Additionally, if an interrupt were to be serviced in a process context, and (re-) scheduled some work at a later time, what context would that run in? The original process may not even exist at that later time. Ergo, we need some context which is independent from processes for a practical reason.
Interrupt handling must be fast; your interrupt handler has interrupted (d'oh) some other code. Significant work should be pushed outside the interrupt handler, onto the "bottom half". It is unacceptable to block a process for work which is not even remotely its concern, either in user or in kernel space.
Disabling the interrupt is something you can (actually could, before 2.6.36) request to be disabled when registering your ISR. Recall that a handler can serve interrupts on multiple CPUs simultaneously, and can thus race with itself. Non-Maskable Interrupts (NMIs) can not be disabled.

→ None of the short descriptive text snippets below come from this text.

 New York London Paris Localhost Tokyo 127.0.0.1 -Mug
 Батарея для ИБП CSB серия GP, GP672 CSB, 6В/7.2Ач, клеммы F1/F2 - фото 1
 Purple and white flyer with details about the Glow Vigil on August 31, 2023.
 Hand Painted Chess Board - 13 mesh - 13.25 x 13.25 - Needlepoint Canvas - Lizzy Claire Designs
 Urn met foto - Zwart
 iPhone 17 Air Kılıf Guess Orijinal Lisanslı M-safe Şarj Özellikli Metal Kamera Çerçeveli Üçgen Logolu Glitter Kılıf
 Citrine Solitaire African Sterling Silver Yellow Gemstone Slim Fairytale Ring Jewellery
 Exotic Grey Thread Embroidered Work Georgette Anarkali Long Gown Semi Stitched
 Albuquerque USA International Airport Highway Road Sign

Why do we need Interrupt context?
First, what do we mean by interrupt context? A context is usually a state. There are two separate concepts of state.
CPU context
Every CPU architecture has a mechanism for handling interrupts. There maybe a single interrupt vector called for every system interrupt, or the CPU/hardware may be capable of dispatching the CPU to a particular address based on the interrupt source. There are also mechanisms for masking/unmasking interrupts. Each interrupt maybe masked individually, or there maybe a global mask for the entire CPU(s). Finally, there is an actual CPU state. Some may have separate stacks, register sets, and CPU modes implying some memory and other privileges. Your question is about Linux in general and it must handle all cases.
Linux context
Generally all of the architectures have a separate kernel stack, process context (ala ps) and VM (virtual memory) context for each process. The VM has different privileges for user and kernel modes. In order for the kernel to run all the time, it must remain mapped for all processes on a device. A kernel thread is a special case that doesn't care so much about the VM, because it is privileged and can access all kernel memory. However, it does have a separate stack and process context. User registers are typically stored upon the kernel stack when exceptions happen. Exceptions are at least page faults, system calls and interrupts. These items may nest. Ie, you may call write() from user space and while the kernel is transferring a user buffer, it may page fault to read some swapped out user space data. The page fault may again have to service an interrupt.
Interrupt recursion
Linux general wants you to leave interrupts masked as the VM, the execptions, and process management (context and context switching) have to work together. In order to keep things simple for the VM, the kernel stack and process context are generally rooted in either a single 4k (or 8k) area which is a single VM page. This page is always mapped. Typically, all CPUs will switch from interrupt mode to system mode when servicing an interrupt and use the same kernel stack as all other exceptions. The stack is small so to allow recursion (and large stack allocation) can blow up the stack resulting in stack overflows at the kernel level. This is bad.
Atomicity
Many kernel structures need to stay consistent over multiple bus cycles; Ie, a linked list must update both prev and next node links when adding an element. A typical mechanism to do this maybe to mask interrupts, to ensure the code is atomic. Some CPUs may allow bus locking, but this is not universal. The context switching code must also be atomic. A consequence of an interrupt is typically rescheduling. Ie, a kernel interrupt handler may have acked a disk controller and started a write operation. Then a kernel thread may schedule to write more buffered data from the original user space write().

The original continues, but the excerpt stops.